Un futuro ibrido: preservare tradizione e innovazione

Alla luce di queste considerazioni, sembra chiaro che il futuro dell’agricoltura non sarà né completamente industrializzato né rigidamente legato al fondo agricolo. La sfida sarà quella di trovare un equilibrio tra innovazione e tradizione, tra le nuove tecnologie di produzione e il rispetto del legame con il territorio.

Le tecniche di coltivazione senza suolo offrono indubbi vantaggi, soprattutto in termini di efficienza produttiva e sostenibilità. Tuttavia, è altrettanto importante non perdere di vista il valore intrinseco dell’agricoltura tradizionale, che non è solo un’attività economica, ma anche un patrimonio culturale da tutelare.

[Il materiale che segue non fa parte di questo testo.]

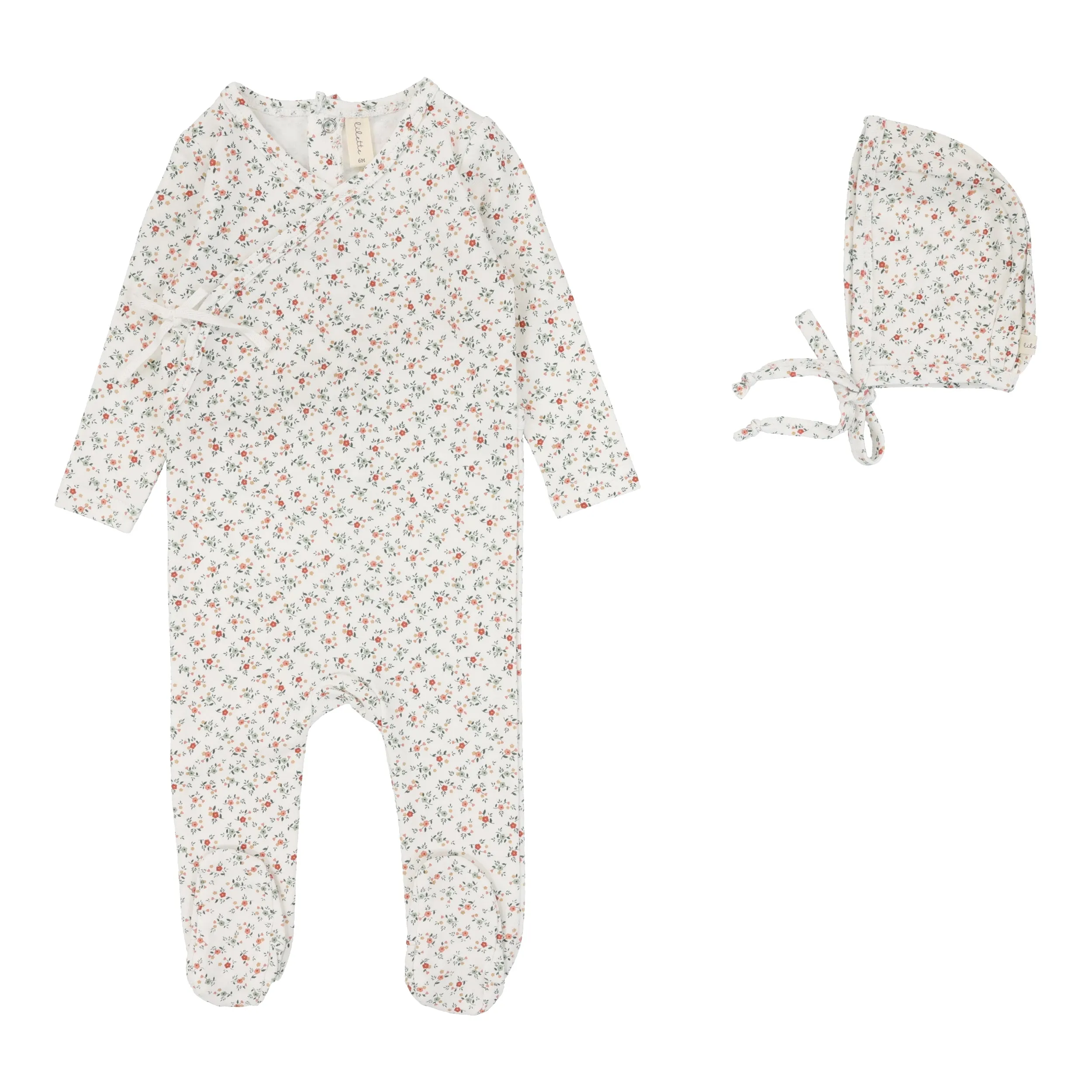 Baby Girl Footie   Hat | Bouquet Floral | Winter White/Floral | Lil Legs | SS25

In conclusione, il settore agricolo si trova di fronte a un bivio: da un lato, l’adozione di nuove tecnologie può aprire opportunità significative, ma dall’altro dobbiamo essere consapevoli del rischio di perdere ciò che rende unica l’agricoltura italiana. La strada da seguire è quella di un cambiamento equilibrato e consapevole, che sappia integrare il meglio delle nuove tecnologie senza compromettere il legame inscindibile tra prodotto, territorio e tradizione.